• **Input data**:

=======

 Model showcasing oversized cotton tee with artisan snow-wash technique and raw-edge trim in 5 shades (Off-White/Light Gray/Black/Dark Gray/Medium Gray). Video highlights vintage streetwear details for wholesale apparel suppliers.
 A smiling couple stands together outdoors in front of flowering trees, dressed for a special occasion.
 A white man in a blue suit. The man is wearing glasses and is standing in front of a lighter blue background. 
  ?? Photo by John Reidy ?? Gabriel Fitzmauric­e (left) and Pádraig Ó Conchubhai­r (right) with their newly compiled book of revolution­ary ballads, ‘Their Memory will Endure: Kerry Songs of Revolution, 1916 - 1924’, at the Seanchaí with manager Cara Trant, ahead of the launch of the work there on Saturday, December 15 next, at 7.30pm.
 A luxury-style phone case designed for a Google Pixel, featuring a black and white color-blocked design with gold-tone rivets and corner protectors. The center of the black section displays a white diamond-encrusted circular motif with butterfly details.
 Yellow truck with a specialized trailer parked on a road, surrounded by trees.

=======

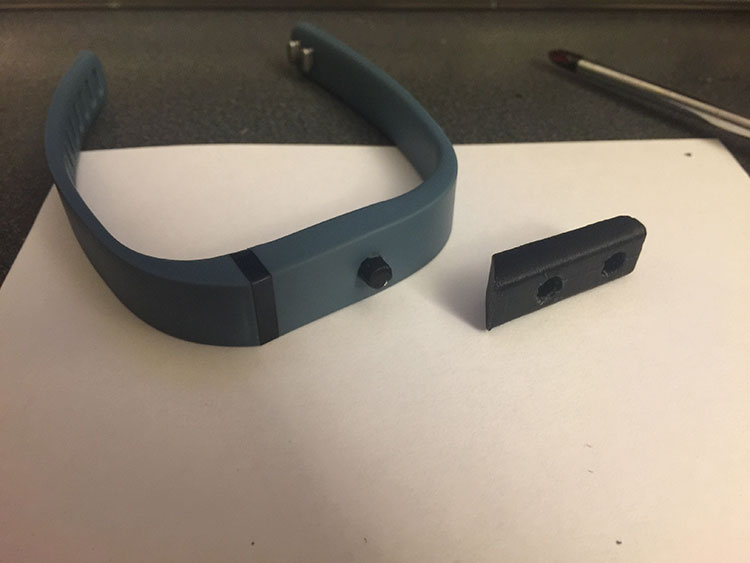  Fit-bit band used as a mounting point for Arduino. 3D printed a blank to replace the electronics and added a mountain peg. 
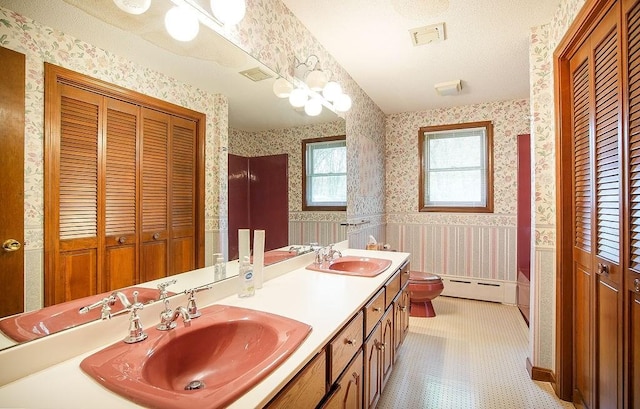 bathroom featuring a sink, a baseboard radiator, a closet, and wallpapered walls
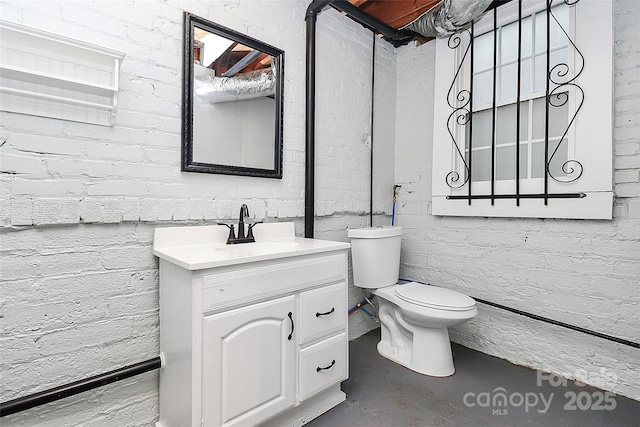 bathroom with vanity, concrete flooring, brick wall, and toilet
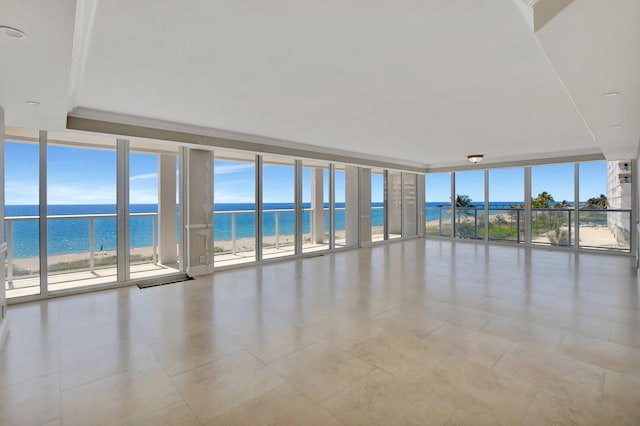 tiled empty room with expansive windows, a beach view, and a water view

=======

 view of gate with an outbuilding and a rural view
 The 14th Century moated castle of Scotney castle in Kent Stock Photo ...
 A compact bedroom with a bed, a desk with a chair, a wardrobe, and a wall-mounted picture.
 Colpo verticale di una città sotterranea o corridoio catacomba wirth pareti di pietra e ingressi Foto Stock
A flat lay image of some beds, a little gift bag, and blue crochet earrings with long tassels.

=======

• **Task instructions**:
Your answer should be a single number: the count of lines in the material above that contain "trees".

• **Response to the task**:
2